Under the title Employee Benefits: How to stop Wasting Money, The HR World’s second webinar for May placed employee benefits under the microscope, examining what it means to deliver meaningful and successful rewards in a challenging workplace.

It featured input from Wendy Rose, Global Sales/Partnerships Director at Dialogue, Philomena Gray, Global Chief People Officer at Imagination and Mary Beighton, People & Culture Director at Zuto.
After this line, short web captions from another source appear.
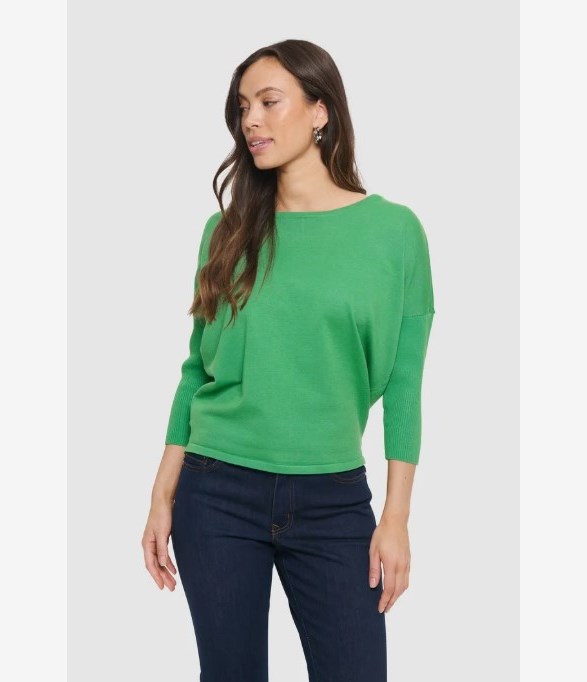 A2561, MilaSZ R-Neck Pullover
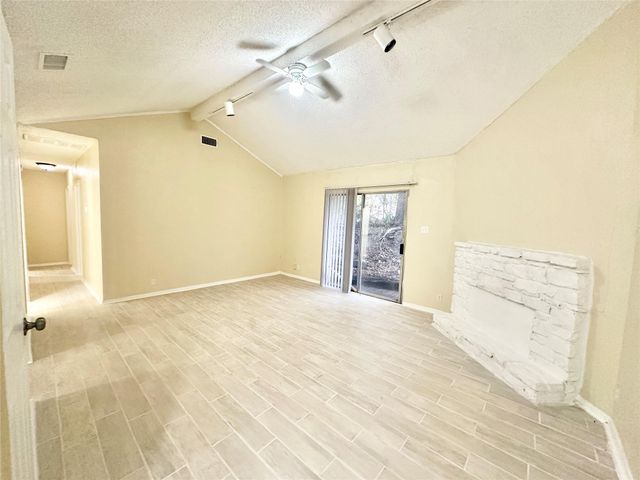 4302 Scottsdale RD B, Austin, TX 78721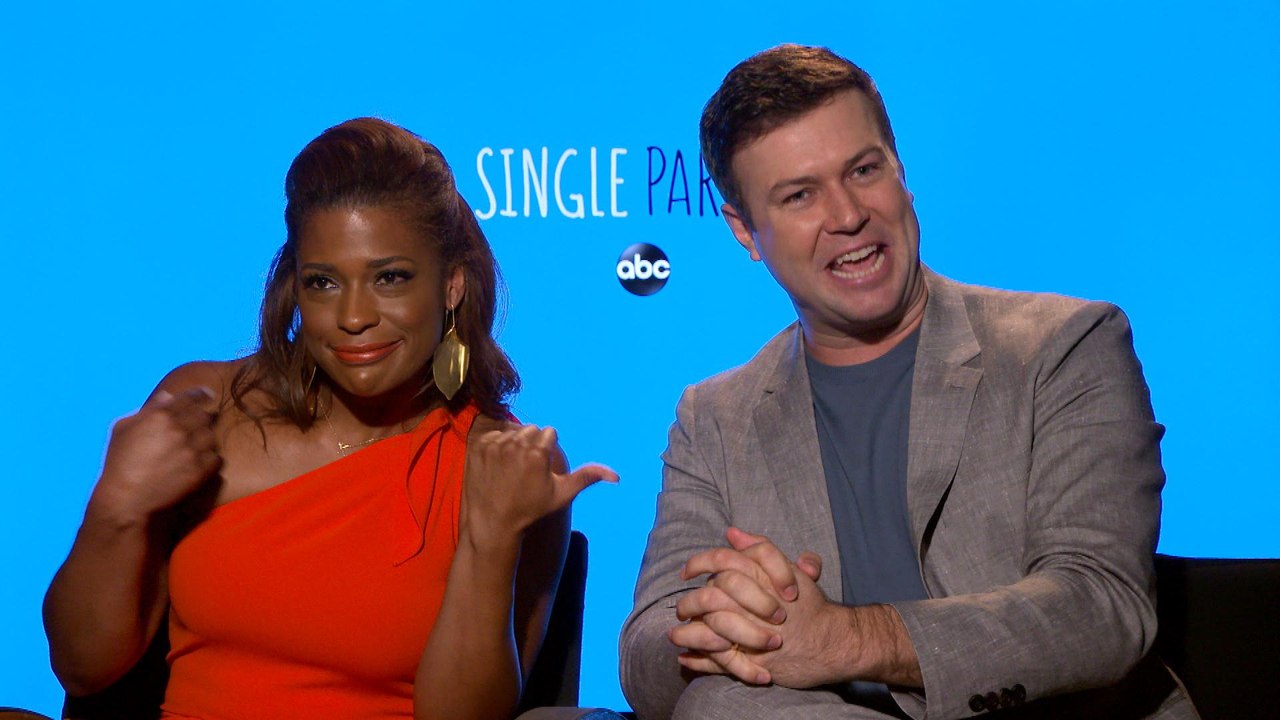 "Single Parents" Stars Prove They Are a Close-Knit Crew
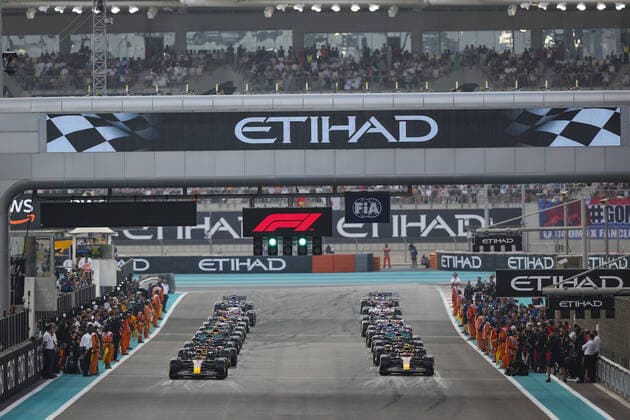 Starting grid, 01 VERSTAPPEN Max (nld), Red Bull Racing RB18, 11 PEREZ Sergio (mex), Red Bull Racing RB18, action during the Formula 1 Etihad Airways Abu Dhabi Grand Prix 2022, 22nd round of the 2022 FIA Formula One World Championship, WM, Weltmeisterschaft from November 18 to 20, 2022 on the Yas Marina Circuit, in Yas Island, Abu Dhabi - F1 - ABU DHABI GRAND PRIX 2022 - RACE DPPI Panoramic 00122050_G00D1600.JPG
The webinar is available on demand and as a podcast – but there were a couple of questions remaining which the panellists tackle below to further discuss the subject.

1: While the webinar suggests you shouldn’t waste money on employee benefits do you think there are times when you’ll pay ‘over the odds’ for benefits to attract or retain key talent?

Philomena Gray: I believe that understanding what your employees value from their benefit programmes is valuable and some of these may come at a significant cost – so if you need to attract talent and retain them you do need to prioritse appropriate benefits and plan for any additional costs.  If you don’t do this, you could spend more money on recruitment fees and onboarding new joiners.

Mary Beighton: The benefits market is competitive, so it’s well worth benchmarking what you’re paying and reviewing any increases from your provider on contract renewal so you don’t end up paying over the odds over time – a real example of this is Zuto saving circa £20K on a recent group income protection renewal just by looking at the market. Do your benchmarking and push your suppliers on costs. It’s also worth bearing in mind that there is potentially a lot of overlap on the “value add” extras that tend to come with a core benefit (eg EAP or virtual GP as an add-on for core health cash plan benefits), so look for opportunities to negotiate if there is any duplication of services that you don’t need.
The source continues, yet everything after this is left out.